新学期早々フレンドに名前を間違われようがツッコミどころ多すぎて困ろうが欠伸をしようが何しようが、“先輩”だ。


「……ありがとう春人クン」

「へ?何がですか?」

「キミのマスク姿のおかげであたしは今とても“先輩”というものを実感させていただいているよ。」

「ホントですか!?なんかすっげーうれしいです!」

「お前に冗談が通じないことは理解済みだがそこまで素直に喜ばれるとどうしていいかわからない。」

「へっくしっ!」

「…………。
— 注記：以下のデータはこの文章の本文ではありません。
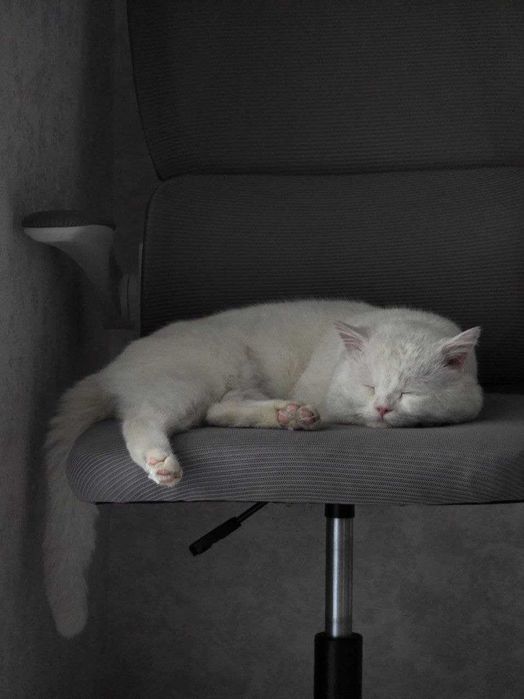 Британец YaYo ищет кошечку для вязки, очень заботливый и учтивый кот.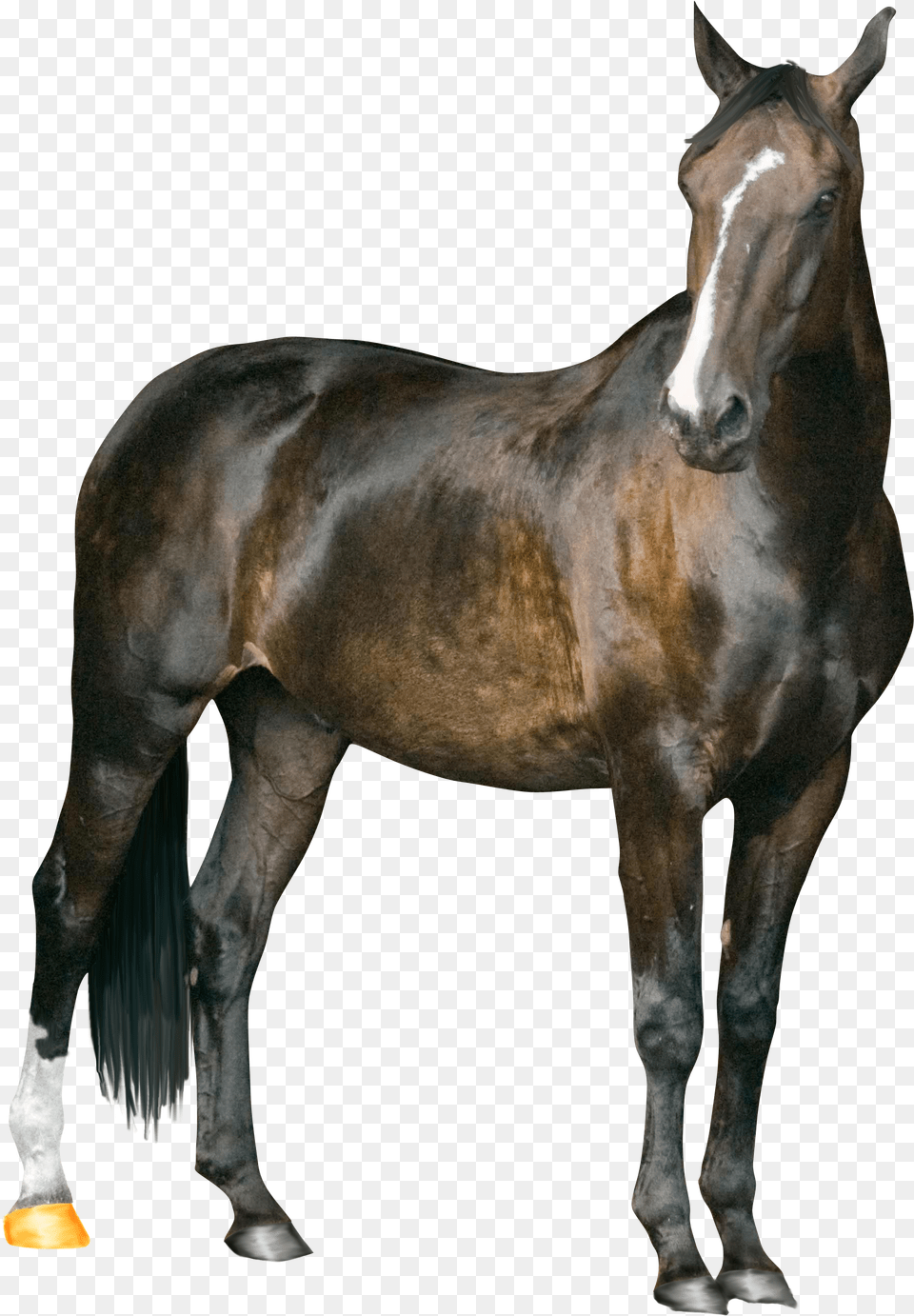 Transparent Horse New Pic Of Riyaz, Animal, Mammal, Stallion, Colt Horse Free Png Download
」

「んあ、すいません!なんて言いました!?」

「…………。」


返事の代わりにそっとティッシュを差し出したら、春人は「ありがとうございます!」と、ホントにうれしそうにティッシュを受け取った。

コイツはたしか花粉症も持ってたような気がするので、たぶん今は風邪と花粉症のダブル攻撃を受けているんじゃないかと思う。

もうその鼻切り取ってしまえ。

と思った瞬間に「へっくしっ!」とくしゃみをしやがった春人クンになんていうかやっぱどうでもいいです。